Task:
Looking at the data, count the lines where the word "Bedrooms" occurs and answer with only the number.

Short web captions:

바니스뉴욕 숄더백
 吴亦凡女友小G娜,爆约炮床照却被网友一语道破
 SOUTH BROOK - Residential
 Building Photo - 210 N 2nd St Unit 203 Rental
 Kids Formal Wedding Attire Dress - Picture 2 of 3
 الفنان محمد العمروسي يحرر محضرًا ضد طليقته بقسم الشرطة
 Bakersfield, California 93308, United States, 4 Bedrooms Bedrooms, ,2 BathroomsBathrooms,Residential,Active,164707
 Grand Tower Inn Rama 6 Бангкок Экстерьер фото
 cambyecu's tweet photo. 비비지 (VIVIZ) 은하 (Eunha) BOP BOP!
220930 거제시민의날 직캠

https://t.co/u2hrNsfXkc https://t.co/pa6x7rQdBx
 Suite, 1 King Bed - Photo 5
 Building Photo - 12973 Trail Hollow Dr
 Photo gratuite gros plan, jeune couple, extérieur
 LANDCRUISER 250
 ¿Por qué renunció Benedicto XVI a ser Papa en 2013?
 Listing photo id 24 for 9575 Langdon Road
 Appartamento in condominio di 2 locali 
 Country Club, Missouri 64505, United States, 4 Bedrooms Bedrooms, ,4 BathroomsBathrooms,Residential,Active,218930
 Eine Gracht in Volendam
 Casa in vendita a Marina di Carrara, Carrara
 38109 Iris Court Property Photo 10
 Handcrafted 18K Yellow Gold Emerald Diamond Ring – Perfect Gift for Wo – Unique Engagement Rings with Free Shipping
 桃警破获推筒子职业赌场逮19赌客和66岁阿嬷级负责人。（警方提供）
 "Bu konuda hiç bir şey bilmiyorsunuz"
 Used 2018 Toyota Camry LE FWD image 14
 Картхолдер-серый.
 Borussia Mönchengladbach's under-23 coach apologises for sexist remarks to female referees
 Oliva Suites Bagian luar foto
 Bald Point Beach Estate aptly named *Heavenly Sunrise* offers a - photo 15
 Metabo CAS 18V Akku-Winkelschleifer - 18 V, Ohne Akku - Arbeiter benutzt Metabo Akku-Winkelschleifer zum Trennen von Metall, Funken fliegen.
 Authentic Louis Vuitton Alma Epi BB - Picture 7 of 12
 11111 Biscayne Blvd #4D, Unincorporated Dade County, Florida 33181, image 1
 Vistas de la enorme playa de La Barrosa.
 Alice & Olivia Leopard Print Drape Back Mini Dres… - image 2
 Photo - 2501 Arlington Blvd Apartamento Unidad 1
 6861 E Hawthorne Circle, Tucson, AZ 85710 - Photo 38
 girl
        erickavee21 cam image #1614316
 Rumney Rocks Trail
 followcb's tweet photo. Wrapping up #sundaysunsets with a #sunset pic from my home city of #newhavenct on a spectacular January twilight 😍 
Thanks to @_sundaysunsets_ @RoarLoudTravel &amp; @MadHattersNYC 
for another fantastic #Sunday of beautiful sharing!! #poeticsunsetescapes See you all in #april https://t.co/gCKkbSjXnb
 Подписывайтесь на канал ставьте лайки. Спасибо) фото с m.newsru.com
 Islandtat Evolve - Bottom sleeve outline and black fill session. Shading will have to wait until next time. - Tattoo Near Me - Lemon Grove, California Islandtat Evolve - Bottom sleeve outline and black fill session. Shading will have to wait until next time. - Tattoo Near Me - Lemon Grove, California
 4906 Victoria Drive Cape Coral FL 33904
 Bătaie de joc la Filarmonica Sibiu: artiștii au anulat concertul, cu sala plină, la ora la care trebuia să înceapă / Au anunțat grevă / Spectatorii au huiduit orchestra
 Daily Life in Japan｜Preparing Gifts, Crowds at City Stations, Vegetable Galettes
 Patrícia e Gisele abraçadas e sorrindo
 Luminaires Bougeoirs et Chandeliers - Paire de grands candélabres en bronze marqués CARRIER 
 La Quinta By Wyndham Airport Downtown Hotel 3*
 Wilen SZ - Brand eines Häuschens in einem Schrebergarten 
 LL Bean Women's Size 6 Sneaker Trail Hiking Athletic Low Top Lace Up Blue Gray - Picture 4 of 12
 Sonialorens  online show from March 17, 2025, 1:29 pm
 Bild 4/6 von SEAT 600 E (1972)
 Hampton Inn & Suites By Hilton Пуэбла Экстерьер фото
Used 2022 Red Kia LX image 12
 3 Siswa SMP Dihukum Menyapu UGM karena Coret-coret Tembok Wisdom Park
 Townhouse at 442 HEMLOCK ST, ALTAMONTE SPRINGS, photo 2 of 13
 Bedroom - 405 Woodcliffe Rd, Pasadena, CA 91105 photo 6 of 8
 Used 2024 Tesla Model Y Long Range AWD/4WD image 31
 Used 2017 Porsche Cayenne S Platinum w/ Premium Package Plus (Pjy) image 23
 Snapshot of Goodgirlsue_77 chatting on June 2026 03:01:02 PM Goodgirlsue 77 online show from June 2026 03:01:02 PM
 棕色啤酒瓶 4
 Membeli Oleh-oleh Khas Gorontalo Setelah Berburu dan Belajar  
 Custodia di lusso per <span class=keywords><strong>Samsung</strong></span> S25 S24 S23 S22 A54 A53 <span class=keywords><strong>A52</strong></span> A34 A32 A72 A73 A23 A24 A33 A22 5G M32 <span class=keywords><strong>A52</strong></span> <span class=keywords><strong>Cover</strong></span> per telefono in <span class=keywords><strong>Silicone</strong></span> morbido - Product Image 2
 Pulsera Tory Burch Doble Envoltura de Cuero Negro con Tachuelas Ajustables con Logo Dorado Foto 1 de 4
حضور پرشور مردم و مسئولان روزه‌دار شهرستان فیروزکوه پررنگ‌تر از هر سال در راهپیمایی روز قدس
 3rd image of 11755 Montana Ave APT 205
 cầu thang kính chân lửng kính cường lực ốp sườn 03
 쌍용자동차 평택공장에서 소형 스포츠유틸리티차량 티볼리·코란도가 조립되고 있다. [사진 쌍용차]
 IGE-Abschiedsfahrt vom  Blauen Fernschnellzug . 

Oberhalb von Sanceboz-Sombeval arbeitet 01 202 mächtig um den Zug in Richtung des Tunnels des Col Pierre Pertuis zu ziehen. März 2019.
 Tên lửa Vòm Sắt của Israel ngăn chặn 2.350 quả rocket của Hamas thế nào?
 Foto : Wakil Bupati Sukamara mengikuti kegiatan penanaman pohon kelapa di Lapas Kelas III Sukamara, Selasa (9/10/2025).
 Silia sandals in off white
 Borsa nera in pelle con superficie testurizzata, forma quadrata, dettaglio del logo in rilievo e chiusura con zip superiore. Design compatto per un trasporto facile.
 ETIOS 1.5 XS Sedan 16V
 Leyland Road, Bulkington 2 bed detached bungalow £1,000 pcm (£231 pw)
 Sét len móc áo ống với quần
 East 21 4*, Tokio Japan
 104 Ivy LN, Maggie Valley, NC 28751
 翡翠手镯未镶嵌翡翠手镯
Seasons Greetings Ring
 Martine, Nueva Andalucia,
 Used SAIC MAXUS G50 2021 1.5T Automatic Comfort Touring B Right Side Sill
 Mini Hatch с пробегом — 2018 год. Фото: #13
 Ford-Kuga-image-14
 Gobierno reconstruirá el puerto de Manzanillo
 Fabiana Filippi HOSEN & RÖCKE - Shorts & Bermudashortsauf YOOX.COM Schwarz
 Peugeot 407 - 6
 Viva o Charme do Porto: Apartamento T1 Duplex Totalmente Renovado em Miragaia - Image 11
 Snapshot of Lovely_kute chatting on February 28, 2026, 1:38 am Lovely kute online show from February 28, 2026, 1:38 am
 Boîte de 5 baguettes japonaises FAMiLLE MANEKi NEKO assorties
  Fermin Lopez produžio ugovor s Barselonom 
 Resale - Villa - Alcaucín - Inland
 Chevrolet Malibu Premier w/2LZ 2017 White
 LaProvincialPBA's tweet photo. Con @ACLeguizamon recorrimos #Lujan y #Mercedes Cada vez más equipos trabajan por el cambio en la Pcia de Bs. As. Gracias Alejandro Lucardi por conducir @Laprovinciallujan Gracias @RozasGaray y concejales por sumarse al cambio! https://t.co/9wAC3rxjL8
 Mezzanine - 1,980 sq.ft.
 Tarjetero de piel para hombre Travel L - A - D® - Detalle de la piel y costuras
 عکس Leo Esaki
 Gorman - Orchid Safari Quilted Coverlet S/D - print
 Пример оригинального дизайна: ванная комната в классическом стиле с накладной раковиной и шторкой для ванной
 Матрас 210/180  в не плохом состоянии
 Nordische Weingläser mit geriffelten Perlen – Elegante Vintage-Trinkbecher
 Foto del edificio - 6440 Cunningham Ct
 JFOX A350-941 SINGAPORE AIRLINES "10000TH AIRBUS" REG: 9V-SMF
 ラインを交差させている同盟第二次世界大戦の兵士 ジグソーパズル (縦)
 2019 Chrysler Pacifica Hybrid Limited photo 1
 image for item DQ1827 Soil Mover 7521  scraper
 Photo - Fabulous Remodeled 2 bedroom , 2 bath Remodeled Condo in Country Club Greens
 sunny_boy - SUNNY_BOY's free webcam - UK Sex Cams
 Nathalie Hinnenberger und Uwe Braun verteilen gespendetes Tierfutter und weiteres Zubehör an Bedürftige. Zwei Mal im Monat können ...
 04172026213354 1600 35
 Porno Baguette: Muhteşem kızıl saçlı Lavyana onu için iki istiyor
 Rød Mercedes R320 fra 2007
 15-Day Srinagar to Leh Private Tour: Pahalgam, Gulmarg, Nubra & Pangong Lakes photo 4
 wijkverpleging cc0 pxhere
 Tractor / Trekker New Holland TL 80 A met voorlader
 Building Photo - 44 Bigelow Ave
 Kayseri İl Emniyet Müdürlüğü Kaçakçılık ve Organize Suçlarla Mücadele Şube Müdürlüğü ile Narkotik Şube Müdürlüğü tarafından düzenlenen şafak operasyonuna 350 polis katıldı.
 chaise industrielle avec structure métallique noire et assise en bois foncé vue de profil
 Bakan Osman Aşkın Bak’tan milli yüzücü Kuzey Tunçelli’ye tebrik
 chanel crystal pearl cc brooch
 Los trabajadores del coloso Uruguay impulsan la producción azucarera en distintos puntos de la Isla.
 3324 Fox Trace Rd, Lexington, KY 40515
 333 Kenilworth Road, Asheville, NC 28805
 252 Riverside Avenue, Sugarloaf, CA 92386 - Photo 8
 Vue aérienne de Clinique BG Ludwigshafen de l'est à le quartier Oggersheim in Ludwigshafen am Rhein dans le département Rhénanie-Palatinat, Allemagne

Answer to this task:
2